Profiles in Excellence
Déjà vu: Collaboration Continues 25 Years Later
Dr. Susan Kelly, a mathematics professor at UW-La Crosse, might be feeling some déjà vu as she collaborates with Dr. James Walker, a UW-Eau Claire mathematics professor.
When she was a UW-Eau Claire undergraduate student 25 years ago, Kelly collaborated on research with Walker and Dr. Fred King, a UW-Eau Claire chemistry professor.
Kelly also took classes from Walker, who shared with his students the experience of writing his first book and encouraged students to offer their input, she said.
“He treated us like colleagues as much as students,” Kelly said of Walker.
“I was lucky to be working with several very gifted students, including Sue Kelly, Ken Dykema and Doug Pearson,” Walker said.
“One of the reasons I was able to write my first book on Fourier analysis, a beginning graduate-level text that is still in print, was because of the interaction with those students.”
Walker said he had no idea he’d be working with Kelly again 25 years later.
“Sue Kelly and I have collaborated on a paper on wavelet theory together and intend to continue this work,” Walker said. “She is a very accomplished water colorist and also is working on applying wavelets to studying the problem of classifying different styles of painting. Sue is analyzing paintings as images by detecting various types of brushstrokes at different size scales and, in general, by analyzing the edges in the image at multiple sizes and resolutions.”

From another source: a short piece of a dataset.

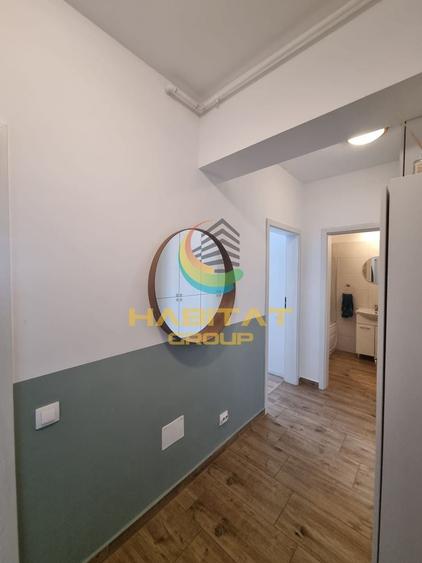 Apartament cu 2 camere decomandat, mobilat în Central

Kelly, who earned bachelor’s degrees in physics and mathematics from UW-Eau Claire in 1985, worked with King her senior year. Her undergraduate research work with King appeared in a published paper with another of King’s research students.
“Dr. King gave students independence and encouraged creative approaches to research problems,” Kelly said. “That experience taught me that you can have an expectation in mind but that results of your work may be surprising.”
Collaborative research is important for students in many ways, King said.
“For the student, it’s taking what you have learned in the classroom setting and trying to figure out how it can be used to approach the solution of an unsolved problem,” King said. “It’s about learning how to think creatively and how to deal with failure. It’s about the great joy of discovering something new, and it’s about growing as a person.”
Kelly attended Washington University in St. Louis, where she received a master’s degree in 1988 and a doctorate in 1992. Kelly joined the faculty at UW-La Crosse in 1992 and continues the tradition she first experienced at UW-Eau Claire by doing research with undergraduates.
“When I work with students, I remember my experiences with Jim Walker and Fred King and try and live up to their example,” Kelly said.